*** RECORDS SHOWN ***
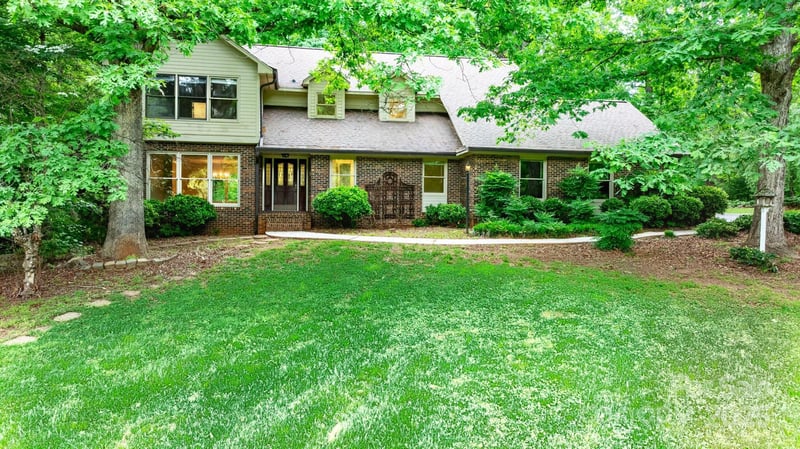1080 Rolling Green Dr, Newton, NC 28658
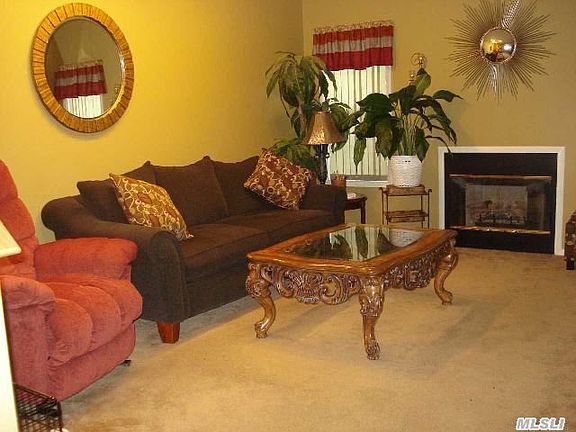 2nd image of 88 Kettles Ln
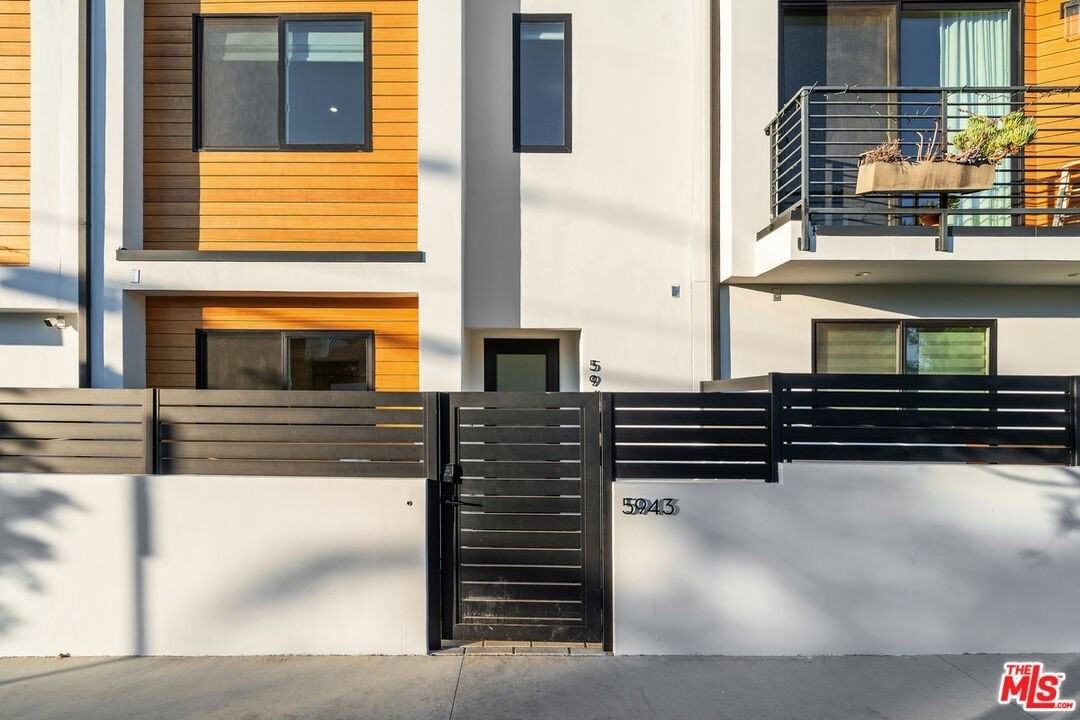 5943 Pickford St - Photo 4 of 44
*** End of RECORDS SHOWN ***
*** RECORDS SHOWN ***
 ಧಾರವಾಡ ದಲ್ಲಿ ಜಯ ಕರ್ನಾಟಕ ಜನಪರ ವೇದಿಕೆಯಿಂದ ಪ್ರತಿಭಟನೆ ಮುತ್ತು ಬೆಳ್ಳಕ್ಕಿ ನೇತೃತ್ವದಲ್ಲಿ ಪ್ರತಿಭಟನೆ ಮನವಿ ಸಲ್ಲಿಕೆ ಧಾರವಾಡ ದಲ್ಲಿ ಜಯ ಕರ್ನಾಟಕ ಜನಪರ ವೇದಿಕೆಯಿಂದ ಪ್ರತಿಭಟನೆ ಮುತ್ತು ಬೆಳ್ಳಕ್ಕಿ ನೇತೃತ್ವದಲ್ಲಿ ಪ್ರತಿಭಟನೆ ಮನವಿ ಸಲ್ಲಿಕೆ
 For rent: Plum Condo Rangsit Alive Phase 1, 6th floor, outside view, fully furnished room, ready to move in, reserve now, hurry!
*** End of RECORDS SHOWN ***
*** RECORDS SHOWN ***
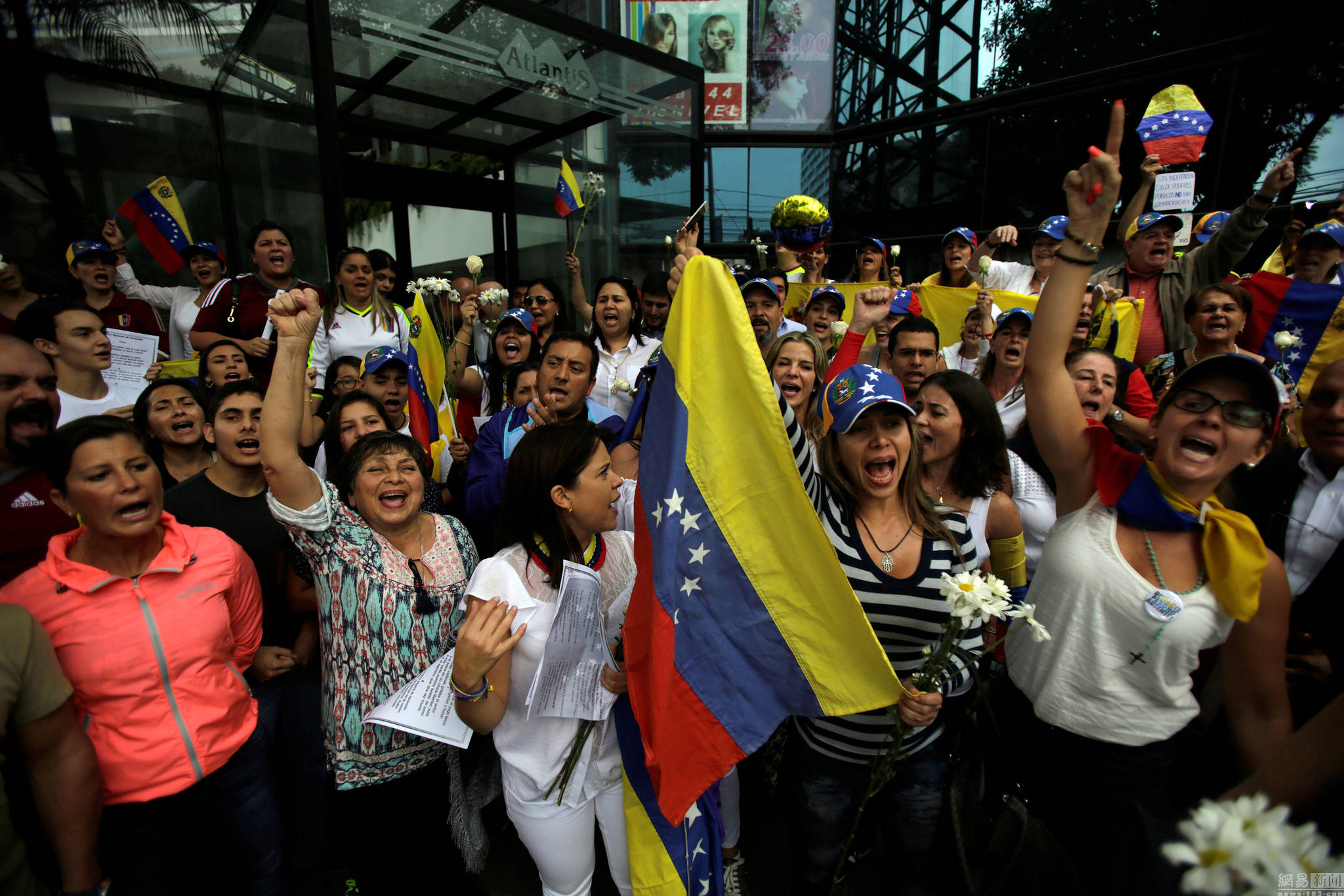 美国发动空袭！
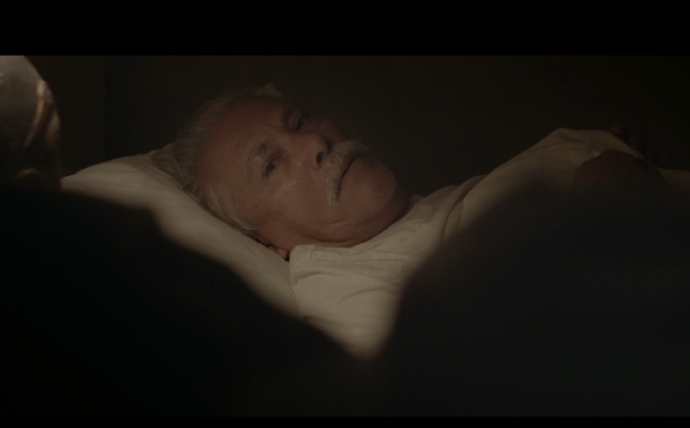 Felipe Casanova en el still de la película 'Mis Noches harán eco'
*** End of RECORDS SHOWN ***
# [PROBLEM DETAILS]
The reply should hold the entries above from the line with "1080 Rolling Green Dr, Newton, NC 28658" to the line with "5943 Pickford St - Photo 4 of 44", duplicated exactly, pictures excluded.

# [WRITTEN RESPONSE]
1080 Rolling Green Dr, Newton, NC 28658
 2nd image of 88 Kettles Ln
 5943 Pickford St - Photo 4 of 44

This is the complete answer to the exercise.